Umschlagmotiv: Shivananda Heinz Ackermann

Der inneren Weisheit vertrauen

Umschlag, Layout/Satz: Wilfried Klei

Lektorat: Dr. Richard Reschika

Illustrationen: F.-J.Wiewel und Brigitte Kuka

© Aurum in Kamphausen

Fotos: Maren Felgendreher und Ramraj U. Löwe

Media GmbH, Bielefeld 2020

 

[email protected]

 

www.kamphausen.media

Bibliografische Information der Deutschen Nationalbibliothek

Die Deutsche Nationalbibliothek verzeichnet diese Publikation in der Deutschen Nationalbibliografie; detaillierte bibliografische Daten sind im Internet über http://dnb.d-nb.de abrufbar.

1. Auflage 2020

ISBN Printausgabe: 978-3-95883-448-4

ISBN E-Book: 978-3-95883-449-1

Alle Rechte der Verbreitung, auch durch Funk, Fernsehen und sonstige Kommunikationsmittel, fotomechanische oder vertonte Wiedergabe sowie des auszugsweisen Nachdrucks vorbehalten.

RAMRAJ ULRICH LÖWE

DER INNEREN WEISHEIT VERTRAUEN

Eine Einführung indie craniosacrale Methode

Vorwort

1.Allgemeines und Geschichte

2.Aspekte craniosacral-therapeutischer Arbeit

3.Craniosacral-Therapie und Osteopathie

4.Craniosacral-Therapie mit Säuglingen und Kindern

5.Weitere Anwendungsgebiete

6.Was sagt die Forschung dazu?

7.Praktische Hinweise zur Craniosacral-Therapie

Danksagung

Anhang

Quellenangaben

Literatur

Index

Über den Autor

Vorwort

Die craniosacrale Therapiemethode berührt und bewegt.

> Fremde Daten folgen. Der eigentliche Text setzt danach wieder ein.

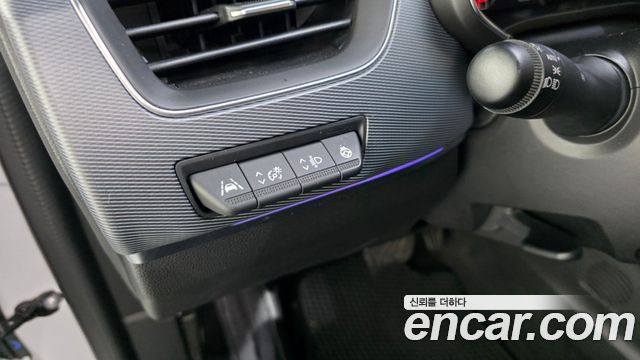 Renault Korea XM3 1.3 TCe RE Signature 2022 — фото 17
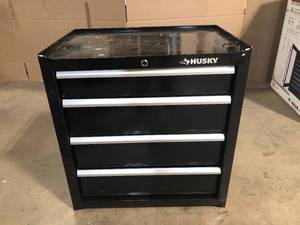 lot 17 image: 26.5 in. W x 18 in. D Standard Duty 4-Drawer Rolling Tool Cabinet in Gloss Black by Husky  Customer Returns See Pictures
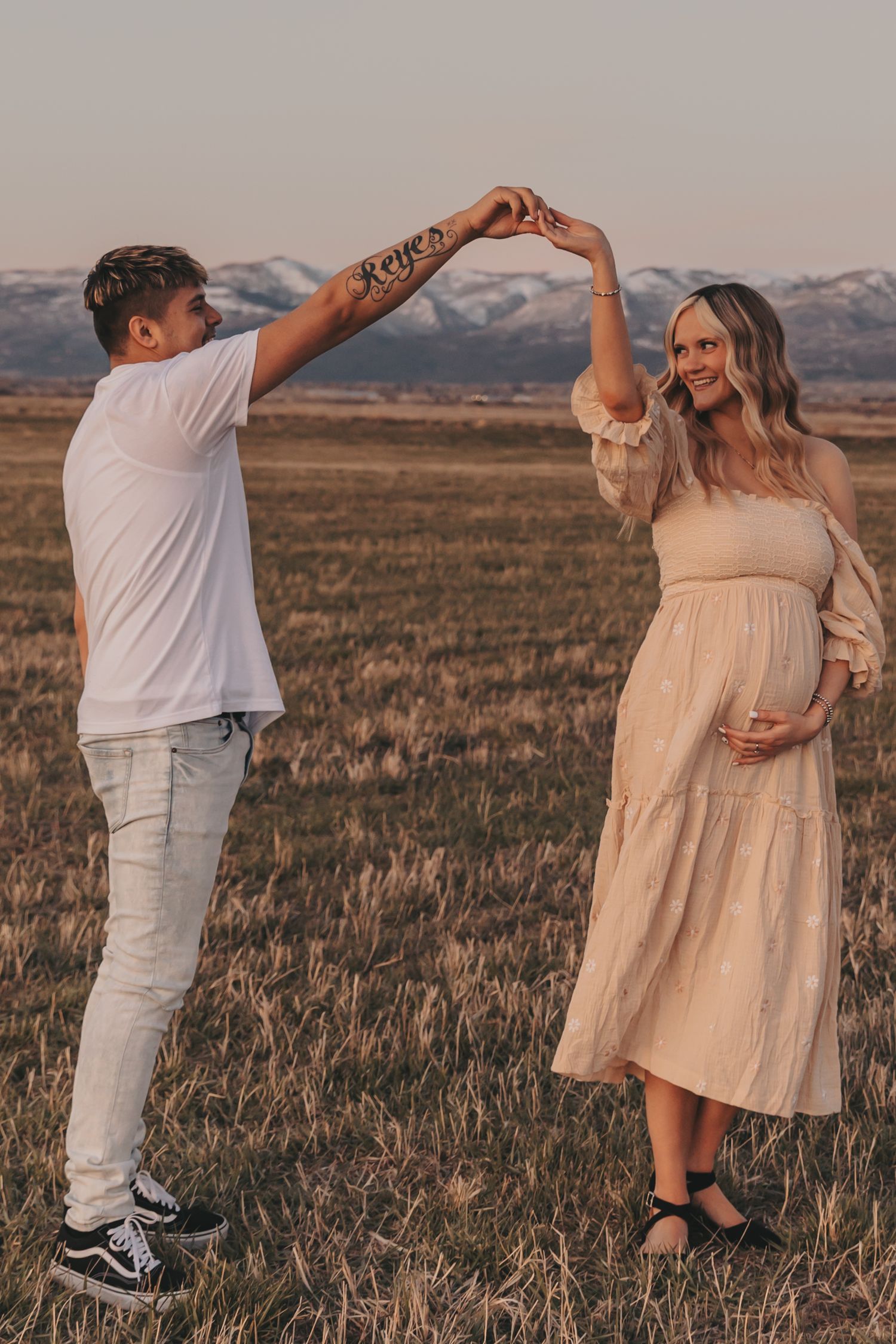 Sanpete County Photographer, Central Utah Photographer, Newborn Photographer, Utah Newborn Photographer, Maternity Photoshoot, Family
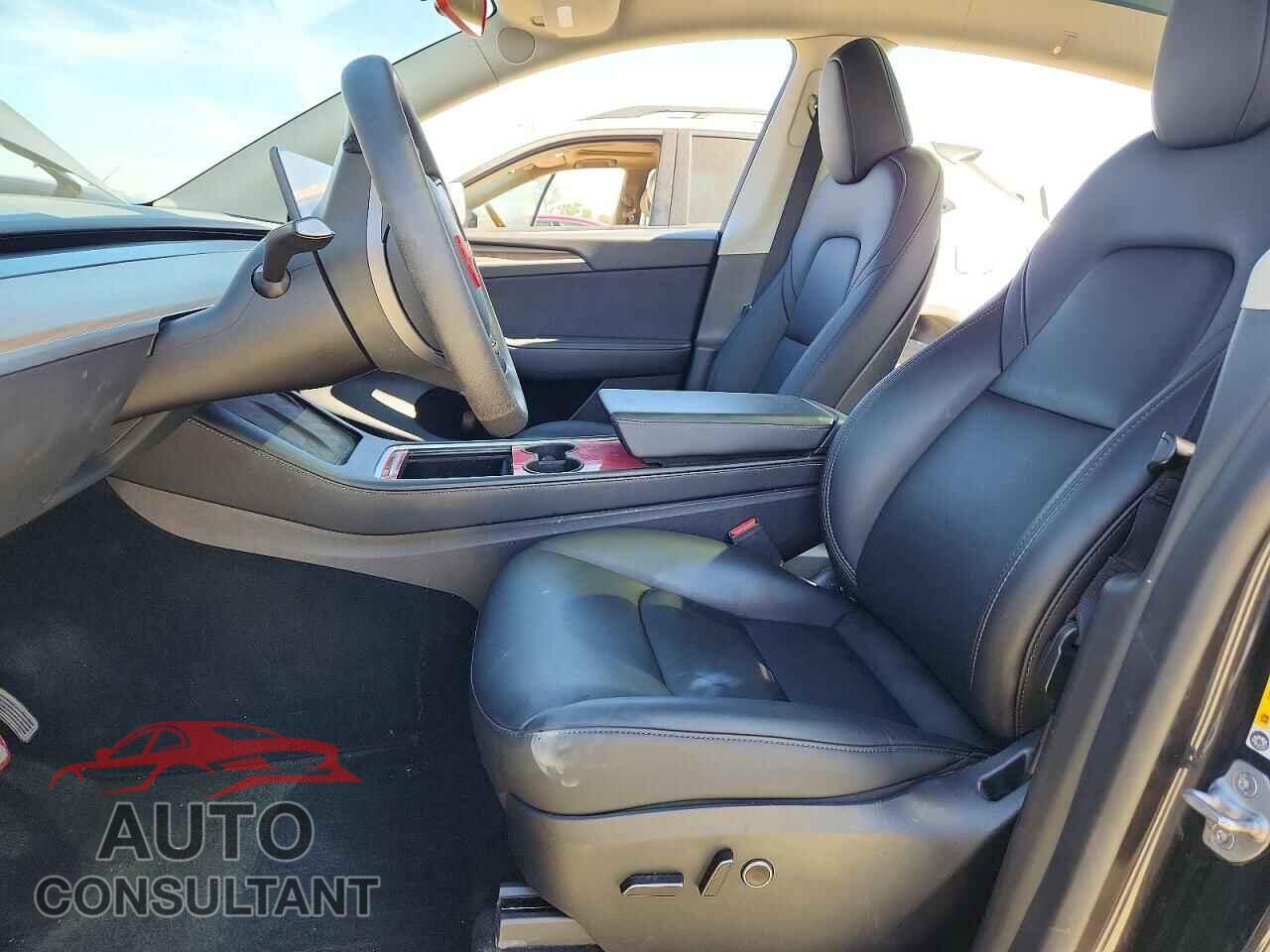 TESLA MODEL Y 2025 - 7SAYGDED1SF276373
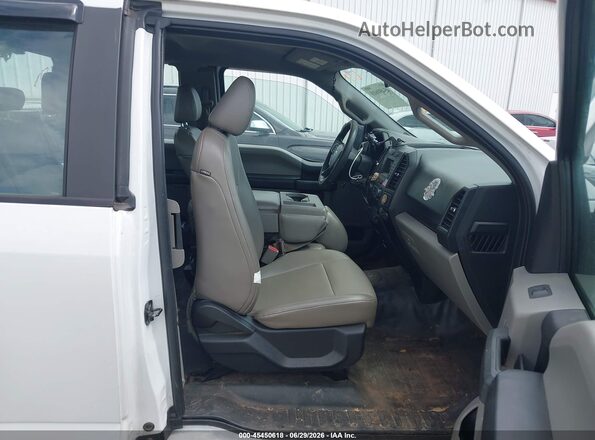 1FTEX1C87GFA07575 2016 FORD F150 White Vista interior delantera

Sehr viele Menschen haben bereits durch sie tiefe Heilung erfahren. Und fast alle Craniosacral-Therapeutinnen und -Therapeuten praktizieren mit großer Freude, Begeisterung und Hingabe. Dennoch ist die Craniosacral-Therapie längst nicht so bekannt und so angesehen, wie es der enormen Reichweite und Tiefe dieses faszinierenden und zutiefst ganzheitlichen Therapieansatzes entspricht. Dieses Buch möchte einen Beitrag dazu leisten, dass sich dies ändert.

Auch nach fast 30 Jahren beruflicher Erfahrung mit der craniosacralen Methode kommt bei mir nie Langeweile auf. In jeder Behandlung gibt es für mich etwas Neues zu entdecken oder dazuzulernen, – oder etwas, das in mir Staunen auslöst. Ein Tag, an dem ich einige Craniosacral-Sitzungen gebe, ist stets ein interessanter und meistens auch erholsamer Tag für mich.

Ich hoffe, in diesem kleinen Buch verständlich machen zu können, warum dies so ist. Und ich hoffe, dass die Lektüre dieses Buches genauso interessant, spannend und inspirierend ist, wie es für uns Craniosacral-Therapeuten und -Therapeutinnen ist, Behandlungen zu geben.

Ich kann mir wirklich in meinen kühnsten Träumen keinen schöneren, sinnvolleren und erfüllenderen Beruf vorstellen. Was für eine Freude, auf diese Art und Weise seinen Lebensunterhalt verdienen zu können!

An den meisten Stellen in diesem Buch habe ich sowohl die männliche als auch die weibliche Sprachform gewählt. An manchen Stellen, bei denen das jedoch den Sprachfluss erheblich beeinträchtigen würde, habe ich jeweils nur eine Form verwendet, meistens die männliche. Hier bitte ich meine Leserinnen um Nachsicht.

Außerdem habe ich mich beim Schreiben direkt am erfahrbaren Geschehen orientiert. Daher weicht meine Ausdrucksweise manchmal vom gängigen Sprachgebrauch ab. Während meiner langjährigen therapeutischen Praxis haben sich bestimmte Formulierungen bewährt, daher habe ich sie in diesem Buch ebenfalls verwendet.

Dieses Buch ist kein Fach- und auch kein Lehrbuch. Es ist für interessierte Laien geschrieben, um ihnen einen Einblick in die fantastischen Möglichkeiten der Craniosacral-Therapie zu schenken.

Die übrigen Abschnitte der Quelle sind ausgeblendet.